> TASK REQUIREMENTS
Nothing but the lines from the one containing "Late 20th Century" through the last line of the records below should be copied, exactly and without pictures.
************
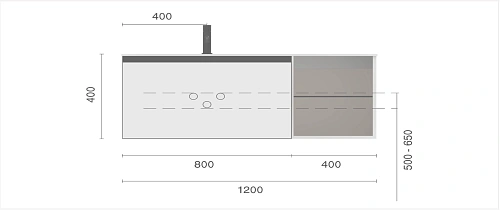 Тумба под раковину Armadi Art QUATRO 6 120см (80+40) WILLOW профиль ANTHRACITE 790-M6-120-W-A Тумба под раковину Armadi Art QUATRO 6 120см (80+40) WILLOW профиль ANTHRACITE 790-M6-120-W-A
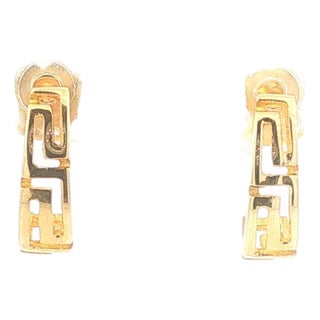 Late 20th Century Pair of Gold Greek Key Half Hoop Earrings For Sale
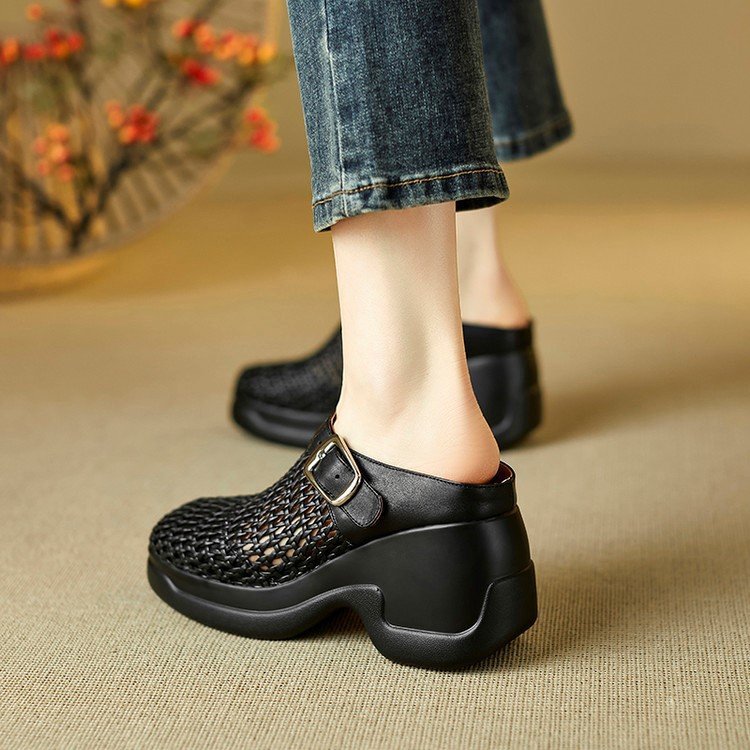 Woven mule made of sheepskin leather platform wedge heel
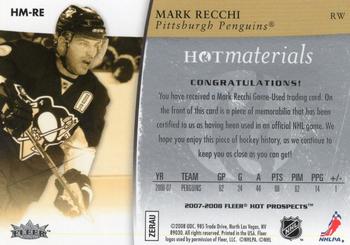 2007-08 Fleer Hot Prospects - Hot Materials #HM-RE Mark Recchi  Back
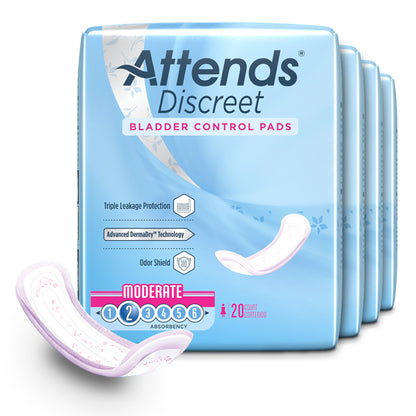 PAD, BLADDER CNTRL ATTENDS DISCREET MODERATE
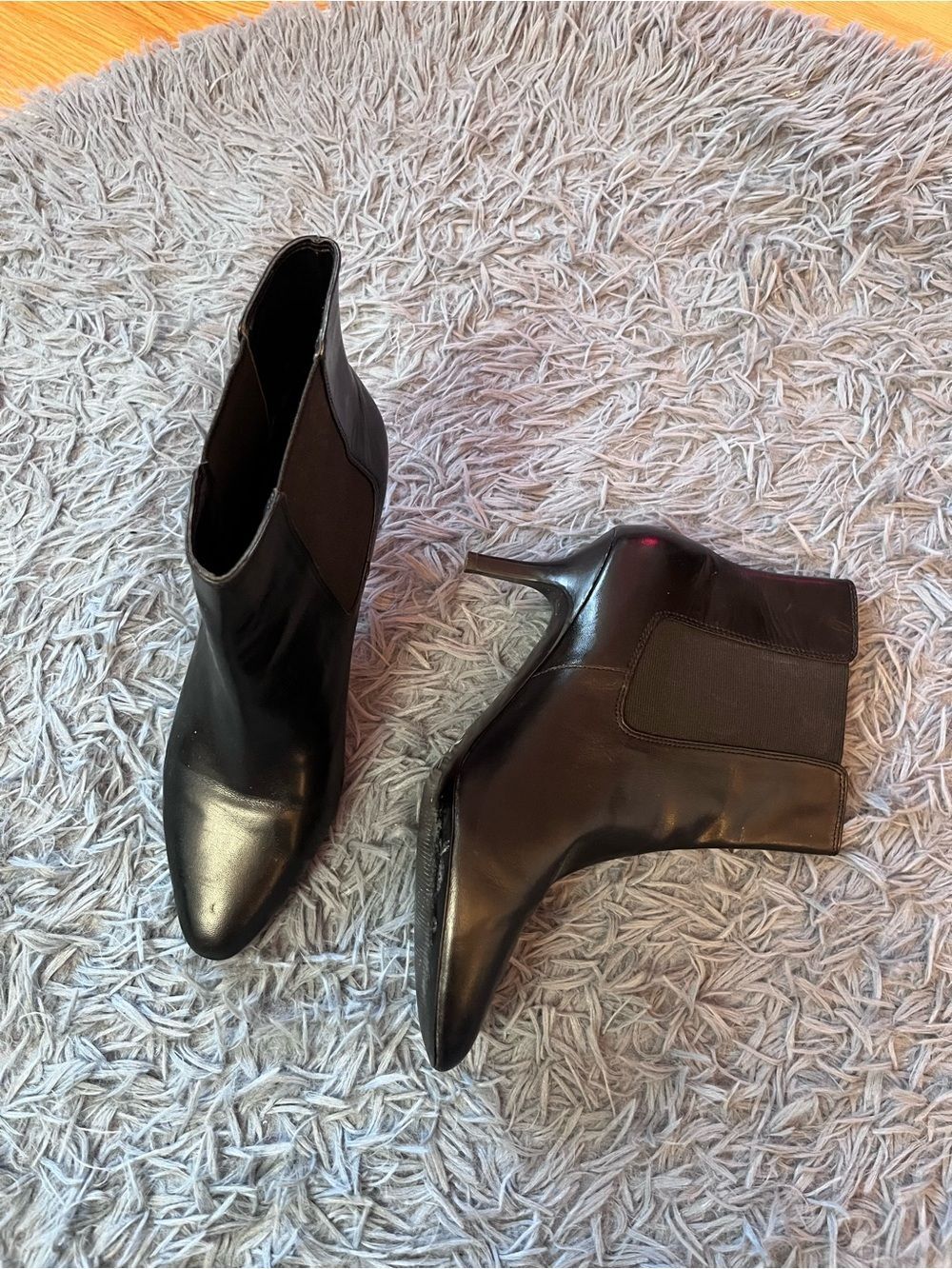 Lauren Ralph Lauren Black Leather Pointed Toe Ankle Heeled Boots Size 9.5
************
> SOLUTION TO THE PROBLEM
 Late 20th Century Pair of Gold Greek Key Half Hoop Earrings For Sale
 Woven mule made of sheepskin leather platform wedge heel
 2007-08 Fleer Hot Prospects - Hot Materials #HM-RE Mark Recchi  Back
 PAD, BLADDER CNTRL ATTENDS DISCREET MODERATE
 Lauren Ralph Lauren Black Leather Pointed Toe Ankle Heeled Boots Size 9.5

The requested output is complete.